En este mes nuestra colaboradora Marisol nos cuenta  sobre la inteligencia emocional,  ¿sabes de que trata?

La inteligencia emocional se centra en ser capaz de fomentar las habilidades que te permiten tomar conciencia de tus propias emociones, de las de otras personas y además te posibilita aprender a regularlas. Esto se aplica tanto en adultos como en niños. Si un adulto no conoce sus emociones entonces será difícil que le pueda enseñar a un niño a poder tomar conciencia de ellas.

Las emociones se unen a nuestra cognición y conducta. Estas tres se relacionan e influyen de manera importante en la otra. Solemos tener patrones de acción emocionales que impiden que seamos conscientes de nuestras emociones para regularlas.

¿Crees que eres capaz de detectar tus emociones y regularlas?

La mayoría de nosotros pensamos que somos capaces de hacerlo. Pero es más difícil de lo que creemos. Esto lo menciono ya que de pequeños muchas veces nos han enseñado a minimizar o a evitar las emociones “negativas” que sentimos.

Pudimos llegar a recibir el mensaje de que las emociones no son importantes y es mejor pasarlas u olvidarlas. Esto ocurre porque existe la creencia que son malas para nosotros mismos y que el hablar de ellas empeorará la situación.
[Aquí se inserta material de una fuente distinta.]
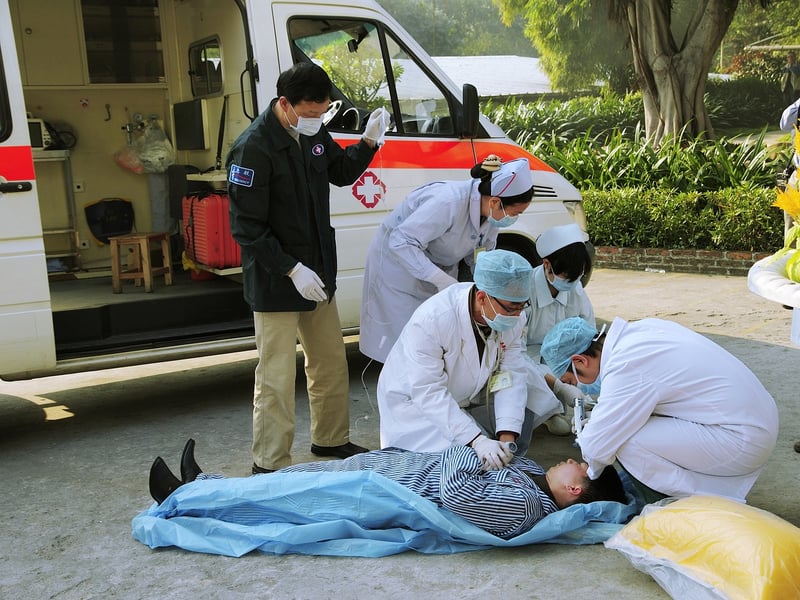 First Aid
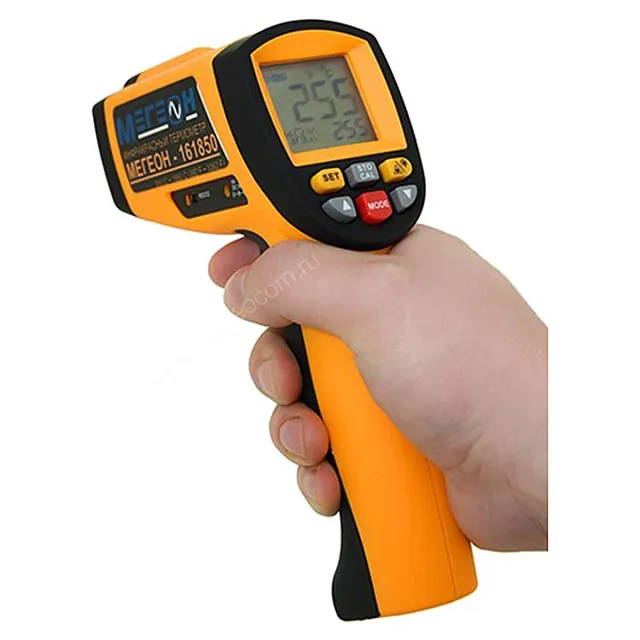 Инфракрасный термометр МЕГЕОН 161850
En la sociedad nos podemos dar cuentas de estas situaciones con lo que le enseñamos a los niños y como en ciertas situaciones también existen conductas de burlas o castigos ante ciertas emociones, ej., “si sigues llorando por eso no juegas más”; ó “eres un llorón”.

Tú puedes cambiar tu conducta si aprendes a comprender tus emociones y a aceptarlas para así poder regularlas.

¿Cómo podemos ser más inteligentes emocionalmente?

  1. Practicar la capacidad de percibir las emociones. Esto incluye tanto emociones positivas como negativas. Para esto hay que prestar atención a nuestro estado interno.
  2. Verbalizar las emociones. Una vez que logramos percibir lo que sentimos, hay que poder expresarlas y ponerles un nombre. Esto puede ayudar a que la emoción no se intensifique.
  3. Reflexionar sobre las emociones. Pensar en lo que estamos sintiendo, no equivale a hacer juicios de valor sobre si lo que sentimos es bueno o malo, deseable o no. Esta reflexión requiere de tres pasos: determinar la causa; determinar mis alternativas (qué puedo hacer y cuales son las consecuencias); elegir mi manera de actuar.
  4. Regulación fisiológica. Este paso se puede lograr a través de técnicas apropiadas de respiración o relajación. Hay que tener en cuenta que se aplican estas no para controlarlas, sino para que no se desborden.